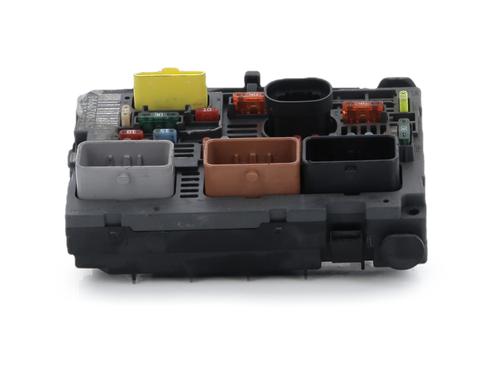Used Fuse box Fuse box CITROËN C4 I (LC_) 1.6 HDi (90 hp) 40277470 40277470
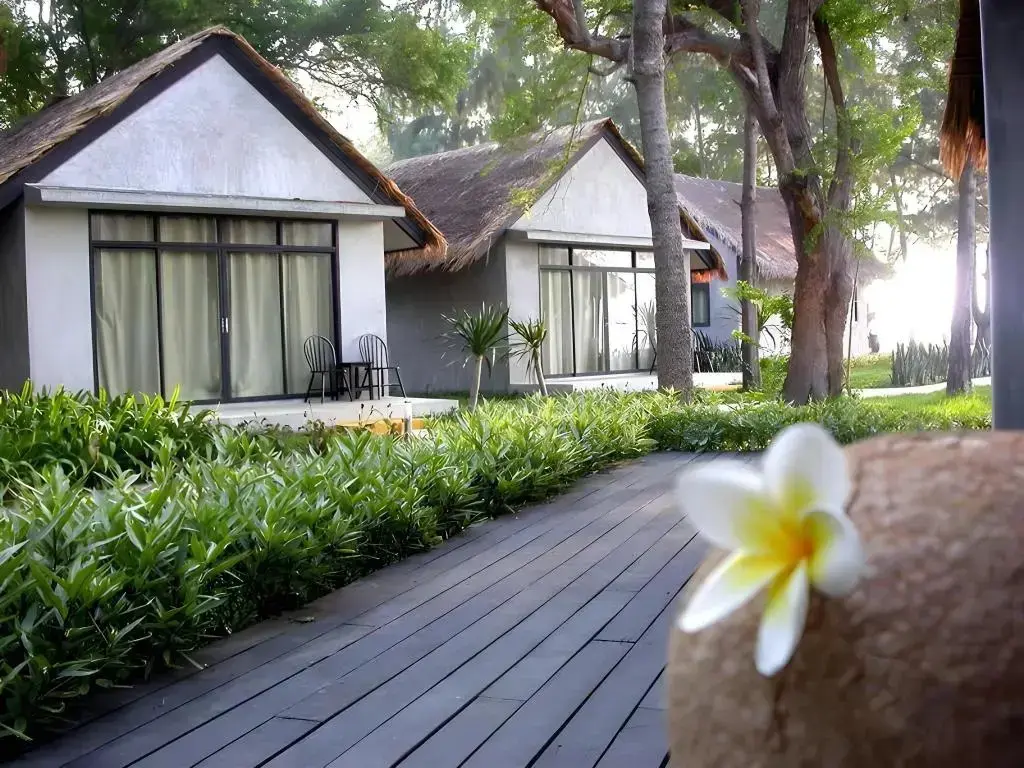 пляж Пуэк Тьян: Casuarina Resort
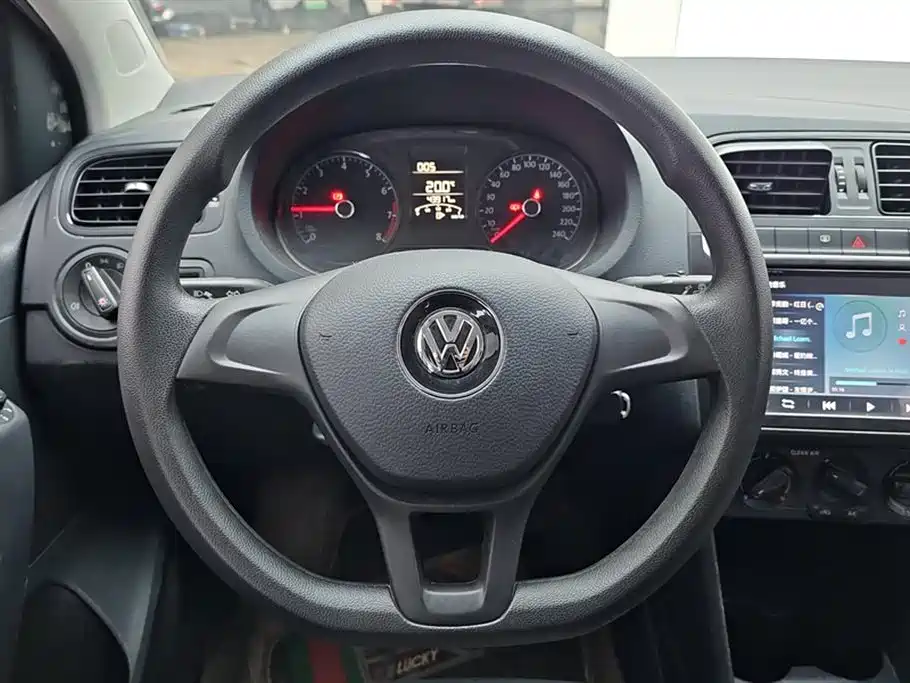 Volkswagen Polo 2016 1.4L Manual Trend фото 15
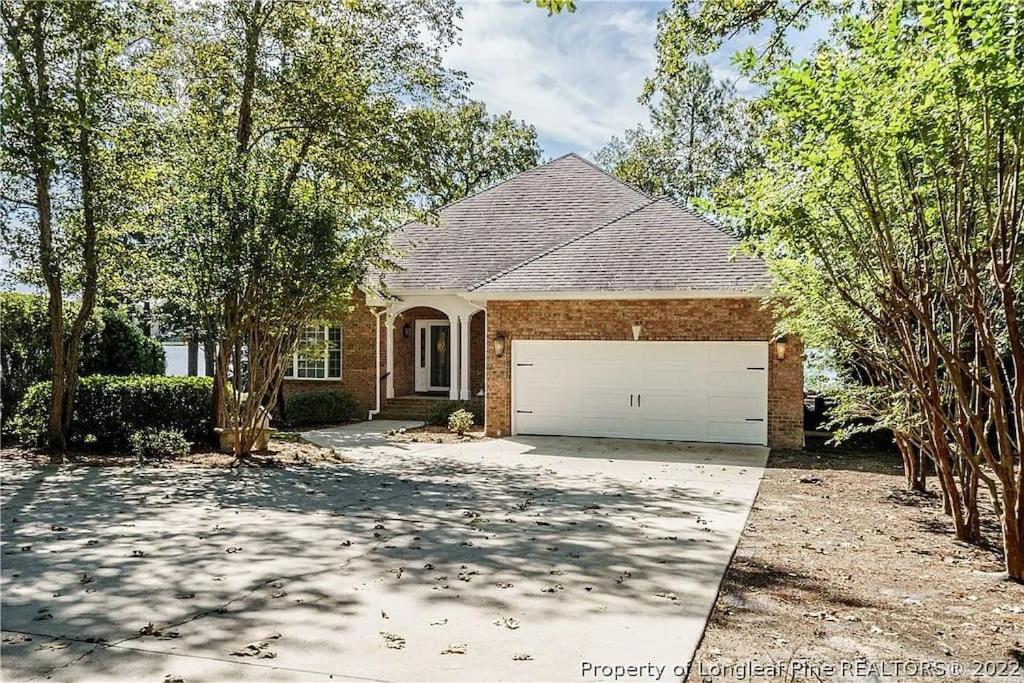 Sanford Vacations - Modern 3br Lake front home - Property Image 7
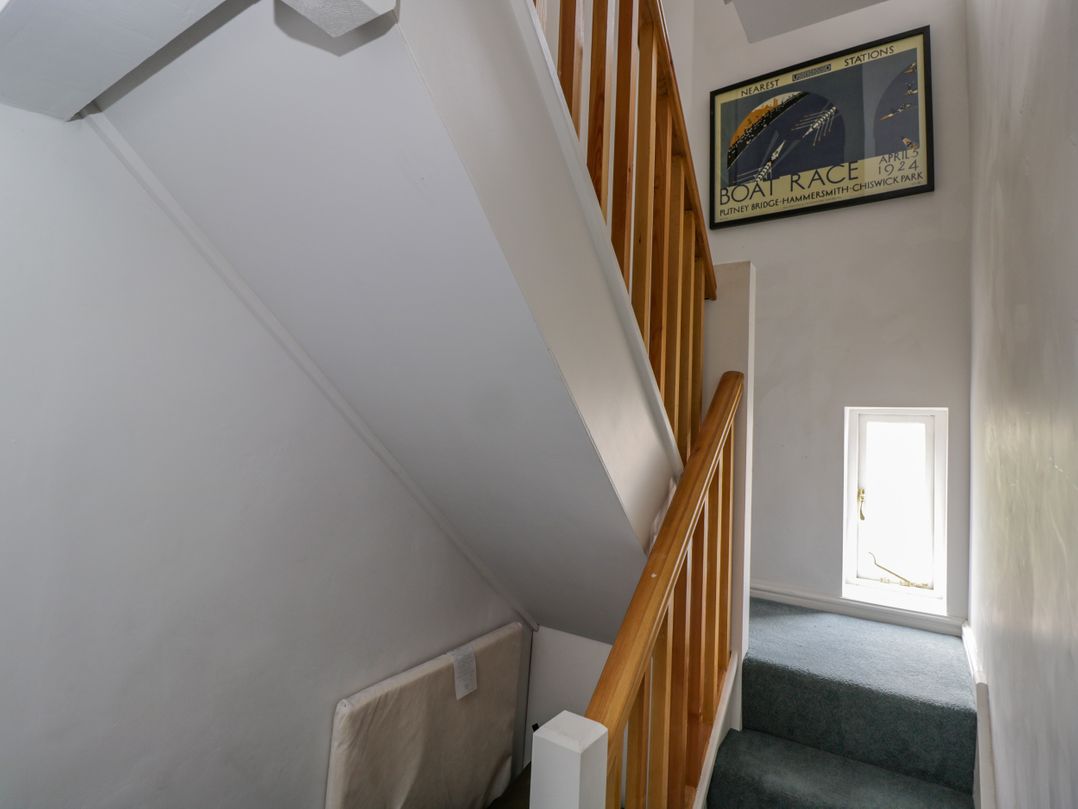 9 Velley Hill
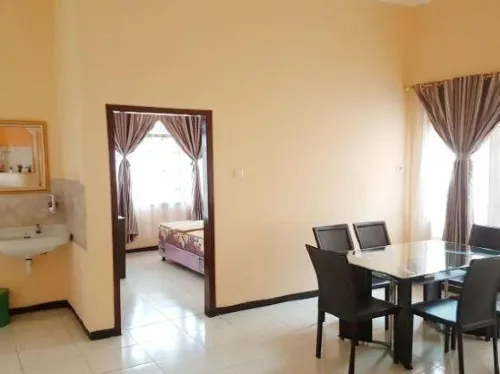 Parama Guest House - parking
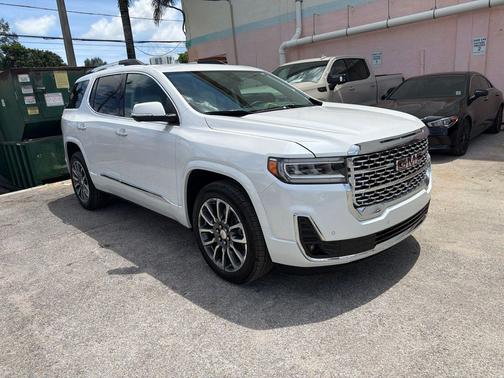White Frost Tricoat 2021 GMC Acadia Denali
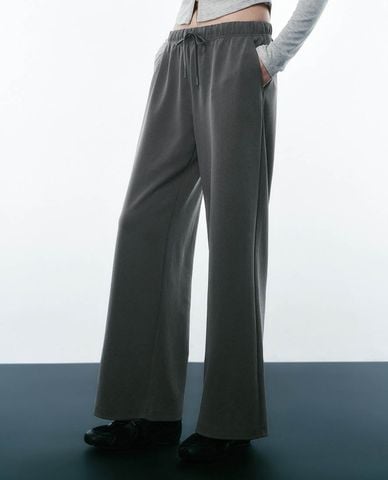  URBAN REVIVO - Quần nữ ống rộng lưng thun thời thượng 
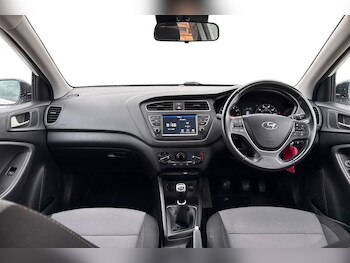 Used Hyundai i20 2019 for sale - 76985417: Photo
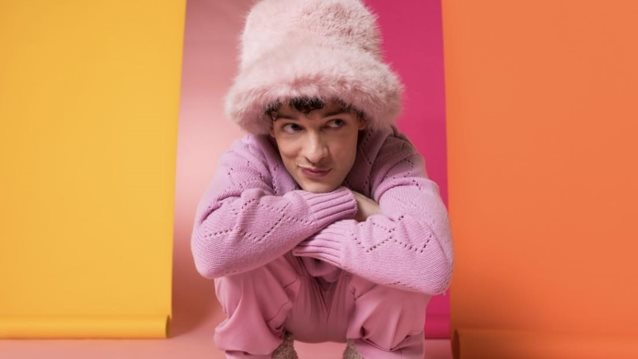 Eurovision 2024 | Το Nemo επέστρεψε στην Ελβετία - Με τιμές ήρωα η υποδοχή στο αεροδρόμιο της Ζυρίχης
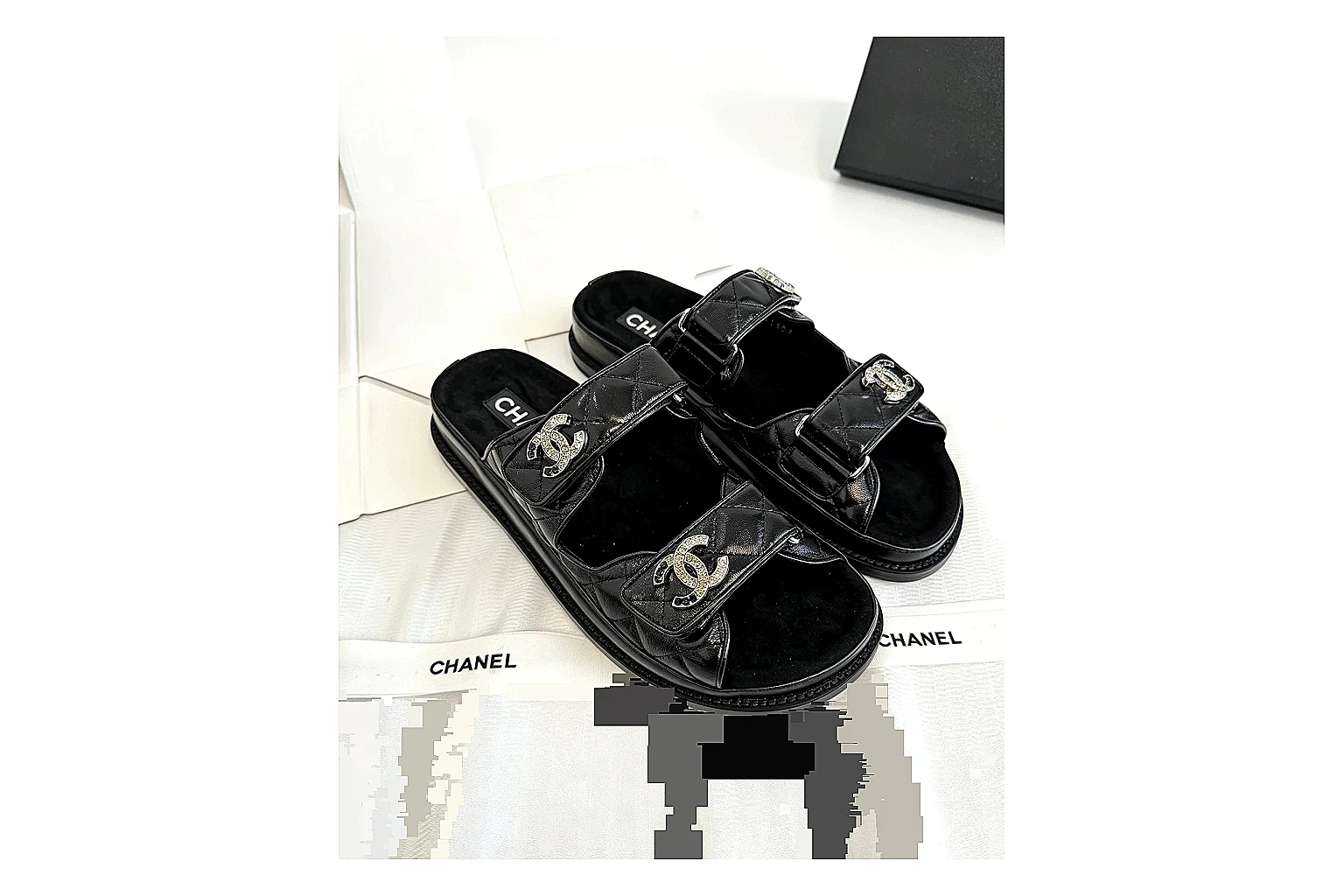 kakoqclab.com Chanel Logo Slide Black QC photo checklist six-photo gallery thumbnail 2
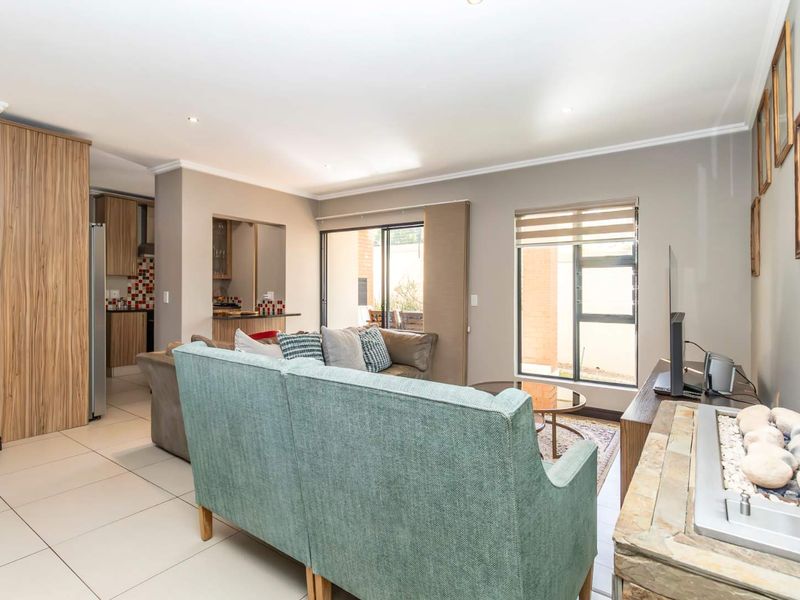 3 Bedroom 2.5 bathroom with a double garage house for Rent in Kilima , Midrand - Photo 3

◇ ◇ ◇ ◇

_Task_:
Leave every picture out. Retype the remaining data exactly.

_Output_:
Used Fuse box Fuse box CITROËN C4 I (LC_) 1.6 HDi (90 hp) 40277470 40277470
 пляж Пуэк Тьян: Casuarina Resort
 Volkswagen Polo 2016 1.4L Manual Trend фото 15
 Sanford Vacations - Modern 3br Lake front home - Property Image 7
 9 Velley Hill
 Parama Guest House - parking
White Frost Tricoat 2021 GMC Acadia Denali
  URBAN REVIVO - Quần nữ ống rộng lưng thun thời thượng 
 Used Hyundai i20 2019 for sale - 76985417: Photo
 Eurovision 2024 | Το Nemo επέστρεψε στην Ελβετία - Με τιμές ήρωα η υποδοχή στο αεροδρόμιο της Ζυρίχης
 kakoqclab.com Chanel Logo Slide Black QC photo checklist six-photo gallery thumbnail 2
 3 Bedroom 2.5 bathroom with a double garage house for Rent in Kilima , Midrand - Photo 3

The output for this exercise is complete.